Skuzzy, about the SSE2 optimizations in the Catalyst drivers: In the CPU benchmarks I've seen (previous to the Athlon 64) where benchmarks with both ATI and nVidia cards are present the Athlon XP typically did better with ATI cards than nVidia cards. I'm sure there's some significant SSE2 optimizations there, because the Athlon 64 reviews using ATI 9800 Pros (Aces Hardware, Anandtech) showed a much bigger gain versus Athlon XP than than those reviews using 5900 Ultras (Tom's Hardware), but it looks like ATIs non-SSE2 Athlon XP codepath was not bad at all either.
Realistically though, I'm wondering just how heavily a video driver can be SSE2 optimized. (I wish I knew exactly what operations the video drivers are doing, but I'd assume it's primarily memory read and write operations.) In the cases where SSE2 isn't used, the Athlon can dispatch 3 load/store ops plus 3 integer/fp ops (6 total) per clock versus the P4s 2 load/store and 2 int/fp (4 total). If the P4 wasn't using SSE 2 instructions it would seem to be at a significant disadvantage to the Athlon on a per clock basis.

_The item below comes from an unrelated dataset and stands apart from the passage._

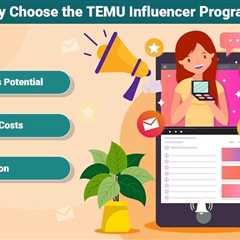 TEMU Influencer Program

Regardless, adding SSE2 support (and actually adding 8 more SSE2 registers when in 64 bit mode) to the Athlon 64 was definately the right thing for AMD to do. They were considering their own new SIMD instruction set for the Athlon 64. SSE2 support gives the Athlon 64 an immediate performance boost in heavily P4 optimized applications. I think from a gaming standpoint the on-die memory controller, which greatly reduces memory latencies, is probably just as important though.